Sentencing guidelines for federal tax fraud can be very stringent, depending on the facts of the case, as well as the judge hearing the case. With so much at stake, it is important for individuals to work with legal advocates who can attempt to mitigate the severity of the sentences. If an individual wants to know more about downward departure in Maryland tax fraud cases and how downward departure could benefit them, they should speak with an experienced tax fraud lawyer today.
The initial sentencing guidelines in a tax fraud case are calculated based on the amount of loss. An upward departure is an increase in those guidelines that can result for various reasons.
For example, if a defendant impeded the investigation, perhaps by destroying documents, that could warrant an upward departure, or an increase, to the guideline range.
A downward departure in Maryland tax fraud cases is a decrease in the guidelines. If a defendant accepts a plea offer from the government, that may warrant a downward departure to the guideline range.

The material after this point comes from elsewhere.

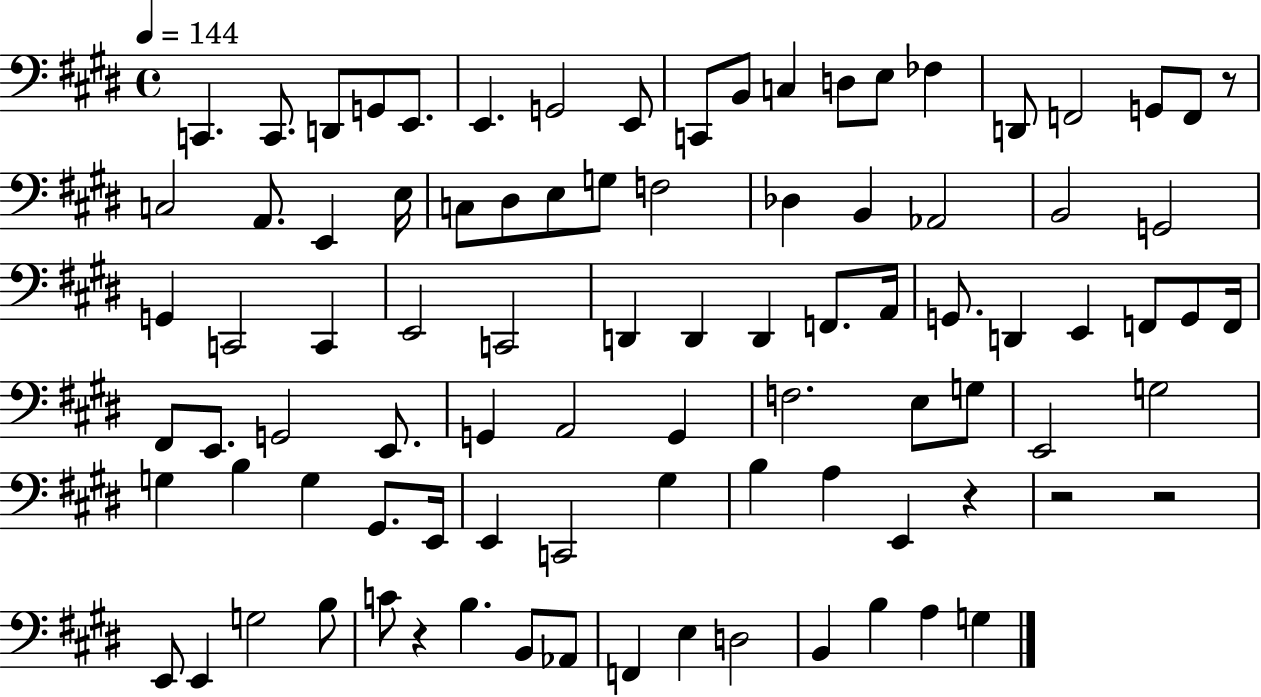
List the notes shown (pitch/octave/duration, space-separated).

A mitigating circumstance in a tax fraud case is a fact or facts considered positive for the defendant and that can lead to a downward departure in Maryland tax fraud cases to the sentencing guidelines and a lighter sentence. A mitigating circumstance could be the defendant’s substantial cooperation with federal investigators. If a defendant assists the government in its investigation of related, or other suspected criminal conduct, the court may find it warrants a downward departure to the sentencing guidelines.
A common reason for an upward departure in tax fraud cases is that the Court finds “sophisticated means” were used to effectuate the fraud. Sophisticated means is a broad term and can include complicated corporate structures, shell companies, or a conspiracy amongst several individuals. If the court finds these sophisticated means were employed by the defendant, that can warrant an upward departure to the sentencing guidelines.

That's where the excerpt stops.